Although successive Irish governments have repeatedly signed up to and supported a Just Transition, there has been a failure to date to reflect this commitment in policy and in the official response across affected communities, writes the Irish Congress of Trade Unions’ Macdara Doyle.
Ireland signed the 2015 Paris Agreement – which spoke of ‘the imperative of a Just Transition’ – and more recently we attached our name to the Just Transition Pledge that emerged from COP26.
As a member of the International Labour Organisation (ILO) since 1923, Ireland is also party to the crucial guidelines drawn up by that body on the implementation of a just transition.
As a global, tripartite body comprised of trade unions, employers and national governments, guidelines that emerge from the ILO tend to reflect a significant degree of international consensus. The United Nations has called for all countries to embrace the ILO guidelines “as the minimum standard to ensure progress and decent work for all”.
This global framework embodies a number of key components, with respect to the transition process, social dialogue, the creation of decent work, access to appropriate skills training, timely and proactive interventions in regions or industries, enhanced social protection for worker, and communities impacted by the low carbon transition.
The newly formed Just Transition Alliance is now seeking to ensure that official commitments match policy and practice, in communities across the country. Founding members of the Alliance include; Irish Congress of Trade Unions, SIPTU, Fórsa, Friends of the Earth, Stop Climate Chaos, and TASC.

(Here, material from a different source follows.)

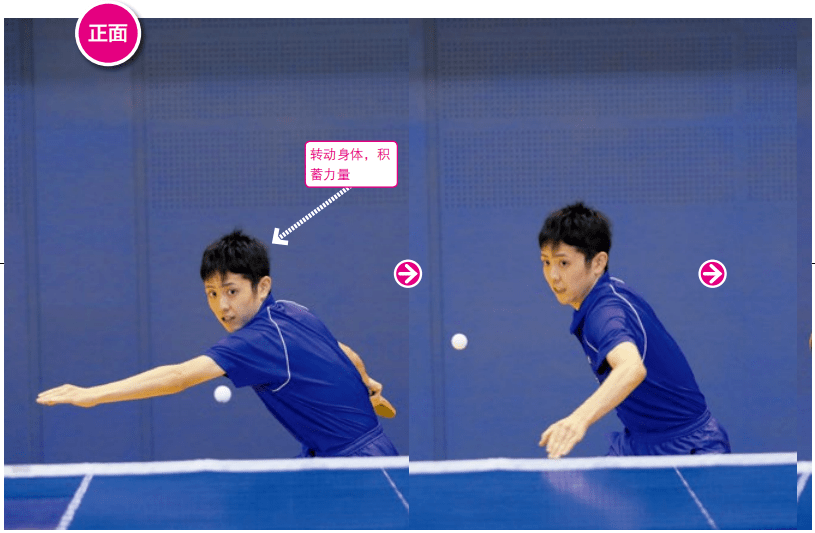 乒乓球扣殺技術(shù)圖文講解+5個(gè)肩關(guān)節(jié)鍛煉動(dòng)作！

We need a just transition to protect and create jobs, reduce emissions, enhance living standards, safeguard and restore biodiversity, and generate new opportunities to help build sustainable, resilient communities across the country.
Job losses and lower living standards are not the automatic outcome of the zero-carbon transition. Rather, they result from bad planning and poor policy. The fastest, fairest, and most effective transition is one that is inclusive, protects workers and communities and delivers new opportunities for all.
The concept of just transition emerged from within the global trade union movement and provides the most comprehensive framework to deliver the carbon transition. According to the International Trade Union Confederation (ITUC):
“A just transition secures the future and livelihoods of workers and their communities in the transition to a zero-carbon economy. It is based on social dialogue between workers and their unions, employers, government, and communities. A plan for just transition provides and guarantees better and decent jobs, social protection, more training opportunities, and greater job security for all workers affected by global warming and climate change policies.”
To date, the experience of the low carbon transition process in Ireland has been overwhelmingly negative.
While extraordinary sacrifices have been demanded of peat workers and Midlands communities, this has not been matched by the required supports from government or state agencies, in a manner consistent with just transition. This contrasts sharply with far more positive experience of transition for workers and communities in Spain, German, and Australia, for example.
Unless this is addressed the transition process risks becoming synonymous with job loss and lower living standards and will lead to an erosion of worker confidence and public support. To do so, policymakers must adopt the language and the substance of just transition.
The first step is to establish a National Just Transition Commission, based on social dialogue and comprised of representatives of government, trade unions, employers, affected communities and civil society. The Commission would be tasked with developing the national framework for just transition covering the entire economy, in line with the ILO guidelines.
While the Climate Action Plan commits to creating a commission, the schedule set out in the CAP means it would not happen until late 2023.
Ireland is already a just transition laggard and further delay will do irreparable damage to the process here. Scotland established a social dialogue-based Just Transition Commission in 2019. It delivered its blueprint in 2021 and Scotland now has a Minister for Just Transition, Employment and Fair Work charged with overseeing that plan. We’re still waiting.